Aaron Pressman Caught JAQing Off About Apple’s Acquisition of Dark Sky fortune.com

Aaron Pressman, in an article for Fortune that can’t help but ask the question “should Apple be allowed to kill one of Android’s best weather apps?” (Fortune paywalls articles shortly after they are published, but you can find a mirror on the Internet Archive):

The killing of the Android app brought complaints from its fans and also criticism from antitrust experts who said the move, along with the decision to cut off licensing of Dark Sky’s data, is an example of Apple eliminating competition among weather apps.

“Ugh,” was the first reaction from Stanford University law professor Mark Lemley, a noted antitrust scholar who has studied how large tech firms concentrate their power by buying up innovative startups.

“It’s worth asking whether there is any reason we should allow this merger,” Lemley adds. “True, it’s not the most important app in the world, but it seems to make consumers unambiguously worse off.”

Andrew Gavil, a Howard University law professor who has also worked for the Federal Trade Commission, adds, “Given what they’ve said they will do, it’s obviously anticompetitive.” Cutting off the Android app could be seen as a play to make iOS preferable to consumers, at least for weather app fans, he says. And cutting off access to the data licensing makes it harder for new weather apps to launch.

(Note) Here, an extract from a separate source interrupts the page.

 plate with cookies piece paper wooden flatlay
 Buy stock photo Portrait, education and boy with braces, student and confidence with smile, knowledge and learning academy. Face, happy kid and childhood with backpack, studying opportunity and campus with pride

Acquisitions often leave fewer choices in the marketplace, and Apple’s purchase of Dark Sky is no different in that respect. What makes this acquisition so disruptive is that Dark Sky is not simply an app — it is a full weather forecasting API used by dozens of other well-known apps and big organizations. And because the cross-platform app and Dark Sky’s API are being discontinued in varying stages over the next couple of years, users and developers are each going to have to find ways to replace it.

There’s no way around it: that means a lot of work for developers, and that means some apps may no longer be available. That sucks for users of those apps.

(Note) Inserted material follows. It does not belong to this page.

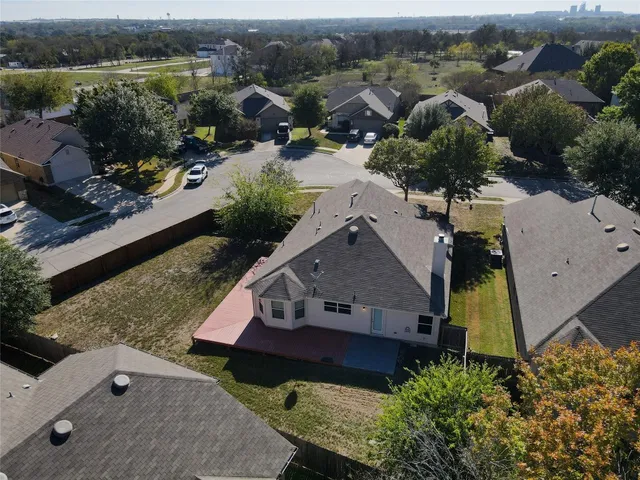 an aerial view of multiple houses with yard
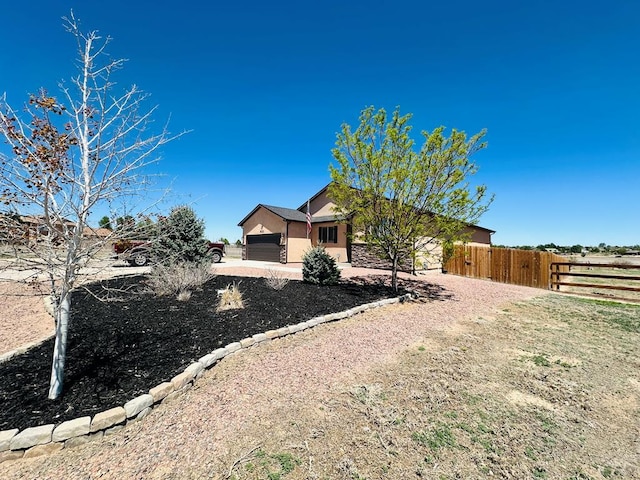 822 S Espanola Dr, Pueblo West, CO 81007 - exterior space with a garage and fence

But it is not as though Dark Sky is the only weather API around. Dark Sky is clever about predicting near-future precipitation, but it’s not nearly as accurate for forecasting as data supplied by government agencies or private competitors. It simply isn’t the case that Apple is buying the market for weather APIs or apps.

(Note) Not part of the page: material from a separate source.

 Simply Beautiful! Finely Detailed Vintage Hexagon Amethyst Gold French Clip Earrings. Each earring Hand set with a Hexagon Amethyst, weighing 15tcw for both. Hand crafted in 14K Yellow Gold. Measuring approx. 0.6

By the way, how did Pressman react to previous acquisitions? Did he ask whether Google should be allowed to buy FitBit? He did not. Did he protest T-Mobile’s purchase of Sprint? Nope. Even in the Dark Sky piece, he references other acquisitions that he doesn’t seem to find quite as problematic:

Top tech companies like Apple, Google, and Facebook have been vacuuming up small app developers for many years, largely without much scrutiny beyond complaints from fans of the acquired software. Apps are often shut down, and features from the apps are sometimes integrated into the acquirer’s existing products. Apple bought a music streaming app called Swell in 2014, shuttered its app, and added features into its own Apple Music service, for example. Meanwhile, Microsoft plans to shut down acquired to-do list app Wunderlist later this year after buying it in 2015 and then creating its own to-do app.

For what it’s worth, Swell was a podcast client, not a music streaming app. But Pressman does not make the case in this piece that either of these apps, nor any others, should be kept running by the acquiring party.

At any rate, as a user of many apps that have been acquired, I prefer being given a hard deadline for when an app or service will be shut down, rather than the empty promise that it will stick around. We all know that, one day, it will disappear; better to rip the bandage off now than later.